In limited liability companies, registration in the Commercial Registry carries greater functional significance by virtue of the rule that share transfers are also subject to registration in the registry. However, notification to the registry alone is not sufficient for the completion of the seizure; the essential act is notification to the company. Furthermore, the seizure must be directed at the debtor partner's share rather than at the legal personality of the company or its registry entry.
Possession
The most conspicuous distinction emerges in relation to the element of possession. In joint-stock companies, since share certificates and interim certificates issued pursuant to TCC Articles 486 and 487 constitute negotiable instruments, seizure is only possible through the enforcement office's assumption of actual physical possession of the instrument pursuant to EBL Article 88. In limited liability companies, however, the share certificates that are issued serve merely as instruments of proof; accordingly, physical taking of the instrument into custody does not produce the consequence of seizure, and seizure is only completed by means of registry recording, entry in the share ledger, and notification to the company.
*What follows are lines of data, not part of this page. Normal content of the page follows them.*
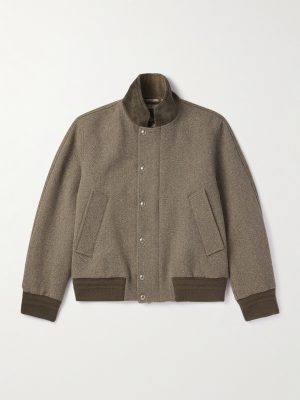Floris Cotton Corduroy-Trimmed Wool Bomber Jacket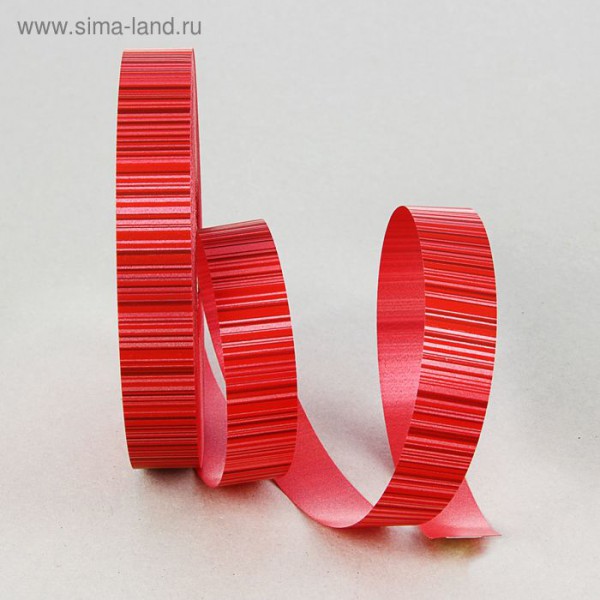 Лента для декора и подарков "Красная в полоску", ширина 2 см, длина 5 метров (Польша) 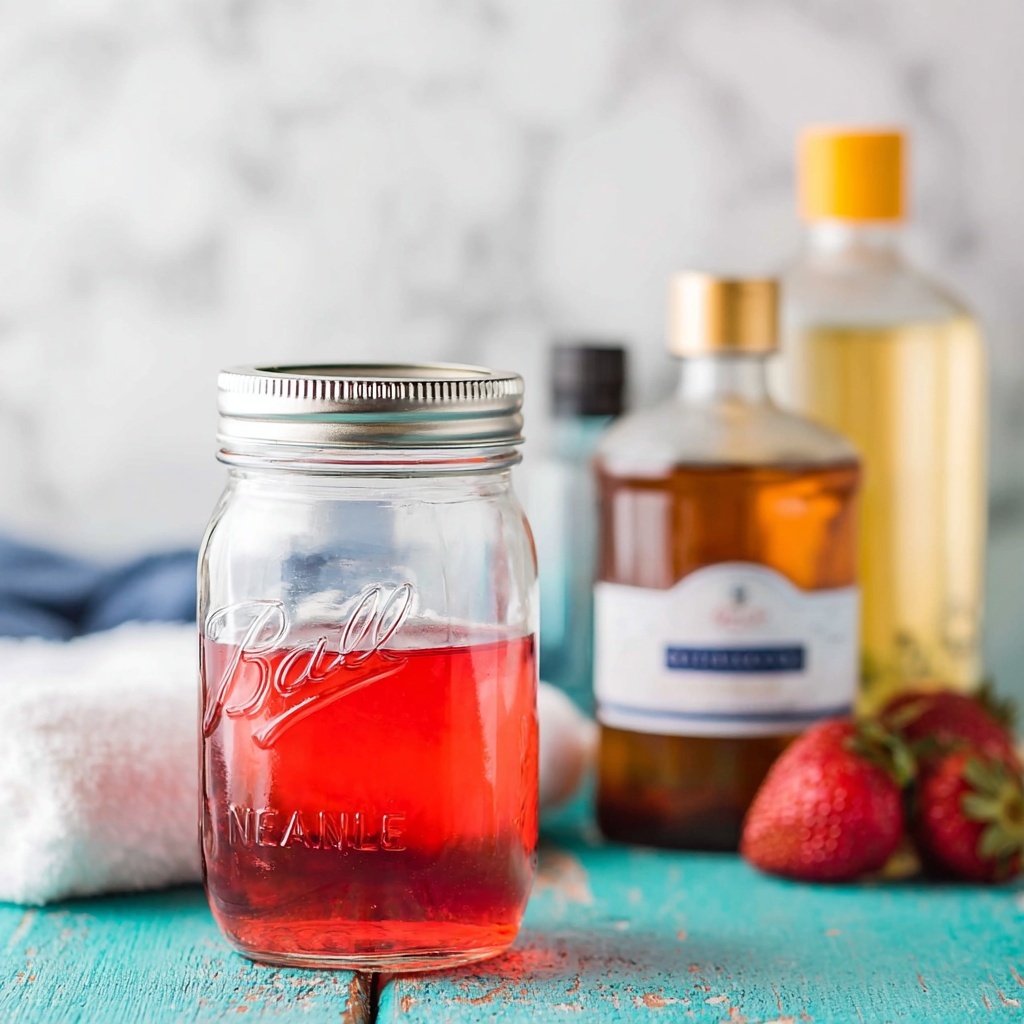 Homemade Strawberry Vodka with Spiked Strawberry Shortcake Ice Cream Floats Recipe - Recipe Image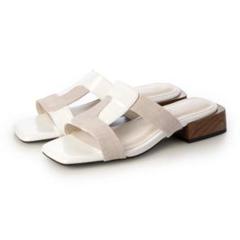 【新品】マフモフ★異素材 スクエアトゥ サンダル 白／S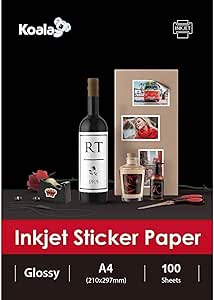 KOALA Inkjet Self Adhesive/Sticky Back White Glossy Photo Paper, Label Printing Paper, A4, 100 Sheets
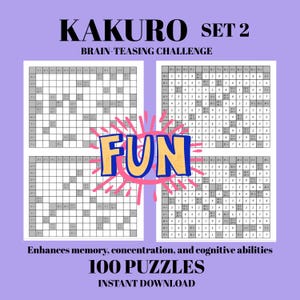 100 Kakuro-pussel: Matematiskt logik-hjärnspel för vuxna, set 2 (digital nedladdning)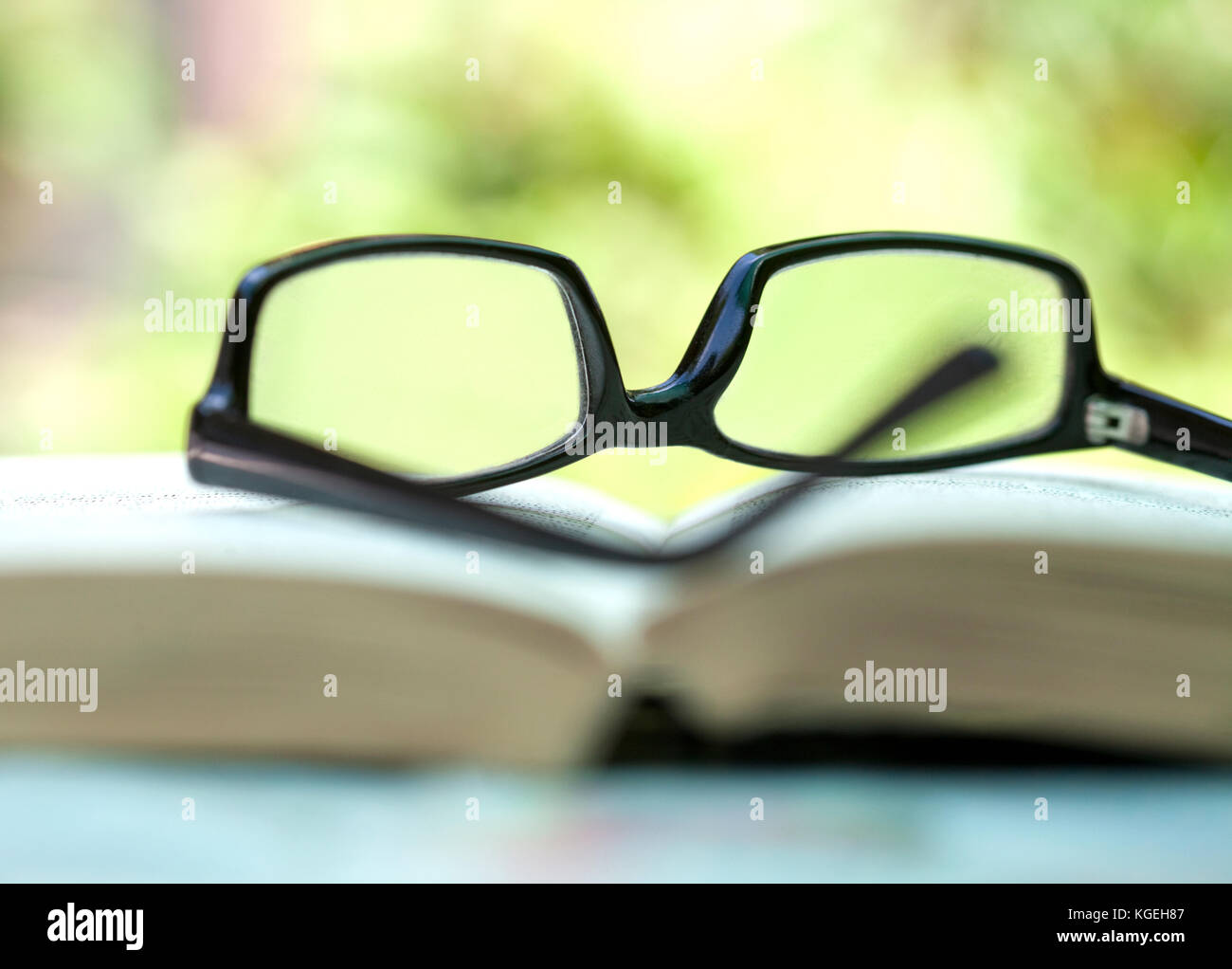 Primo piano di occhiali giacente su un libro aperto all'aperto Foto Stock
Rights of Third Parties and Standing to File a Complaint
The seizure takes effect against bona fide third parties in the case of bare shares in joint-stock companies from the moment the notice is served upon the company. In limited liability companies, the protective effect of registration and announcement in the Commercial Registry against third parties is more pronounced.
On the other hand, since notices issued in connection with the seizure of bare shares in joint-stock companies are not directed at the company's own assets, the company has no legitimate legal interest in bringing a complaint against such seizure.
IV. Conclusion
The procedure for the seizure of shares in capital companies is sharply differentiated according to the type of company and the legal status of the share. The most common error in practice is the view that, in the seizure of uncertificated bare shares in joint-stock companies, it is sufficient to send correspondence solely to the Commercial Registry, or, in the case of certificated shares, to merely serve a notice on the company rather than effecting actual physical custody (EBL Article 88). However, as firmly established by the case law of the Court of Cassation, notification to the company is a mandatory and constitutive element in the seizure of bare shares in joint-stock companies, whilst if a share certificate or interim certificate exists, physical taking of the instrument into custody is indispensable. In limited liability companies, even where share certificates have been issued, since such certificates do not possess the character of negotiable instruments, physical custody does not produce the consequence of seizure; the essential requirements are notification to the company and recording in the share ledger. For the validity of enforcement proceedings and the security of the subsequent sale phase, strict compliance with these procedural rules and with the statutory terminology at the seizure stage constitutes a legal imperative.
The content of this article is intended to provide a general guide to the subject matter. Specialist advice should be sought about your specific circumstances.